We then restart the webserver. Here is the command for it.

# Ubuntu / Debian
$ sudo a2enmod rewrite expires
$ sudo systemctl restart apache2

# CentOS / RHEL
$ sudo systemctl restart httpd

As a result, the service should return Running status:

$ systemctl status httpd
● httpd.service - The Apache HTTP Server
Loaded: loaded (/usr/lib/systemd/system/httpd.service; enabled; vendor preset: disabled)
Drop-In: /usr/lib/systemd/system/httpd.service.d
└─php-fpm.conf
Active: active (running) since Wed 2021-03-31 12:30:26 UTC; 8s ago
Docs: man:httpd.service(8)
Main PID: 9299 (httpd)
Status: "Started, listening on: port 443, port 80"
Tasks: 213 (limit: 11232)
Memory: 27.7M
CGroup: /system.slice/httpd.service
├─9299 /usr/sbin/httpd -DFOREGROUND
├─9301 /usr/sbin/httpd -DFOREGROUND
├─9302 /usr/sbin/httpd -DFOREGROUND
├─9303 /usr/sbin/httpd -DFOREGROUND
└─9304 /usr/sbin/httpd -DFOREGROUND

Mar 31 12:30:26 osticket.bobcares.com systemd[1]: httpd.service: Succeeded.
Mar 31 12:30:26 osticket.bobcares.com systemd[1]: Stopped The Apache HTTP Server.
Mar 31 12:30:26 osticket.bobcares.com systemd[1]: Starting The Apache HTTP Server...
Mar 31 12:30:26 osticket.bobcares.com systemd[1]: Started The Apache HTTP Server.
Mar 31 12:30:26 osticket.bobcares.com httpd[9299]: Server configured, listening on: port 443, port 80

Then we run the below command to renew the certificate.

$ sudo /usr/bin/certbot renew

Step 3: Access osTicket Web Portal

We open osTicket web portal to confirm if the website is loaded with https.

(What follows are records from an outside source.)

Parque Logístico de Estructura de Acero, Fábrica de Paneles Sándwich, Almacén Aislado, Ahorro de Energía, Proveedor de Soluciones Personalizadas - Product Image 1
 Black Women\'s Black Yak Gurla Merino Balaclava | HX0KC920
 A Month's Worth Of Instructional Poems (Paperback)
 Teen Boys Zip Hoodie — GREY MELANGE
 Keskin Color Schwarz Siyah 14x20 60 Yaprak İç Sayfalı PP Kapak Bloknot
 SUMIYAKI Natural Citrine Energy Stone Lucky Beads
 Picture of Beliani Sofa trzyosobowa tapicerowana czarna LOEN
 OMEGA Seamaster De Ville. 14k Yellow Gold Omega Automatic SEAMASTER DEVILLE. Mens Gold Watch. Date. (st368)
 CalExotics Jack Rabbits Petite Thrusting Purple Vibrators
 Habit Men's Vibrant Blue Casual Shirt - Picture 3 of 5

If we click on the lock button then we can see if the connection is secure or not.

We can click on “More Information” to get more details about the certificate. We can see the SSL details and confirm the installation of the SSL certificate.

[Need any further assistance with Let’s Encrypt SSL-related queries? – We’re available 24*7]

Conclusion

Today, we saw how our Support Engineers secure osTicket with Let’s Encrypt SSL Certificates.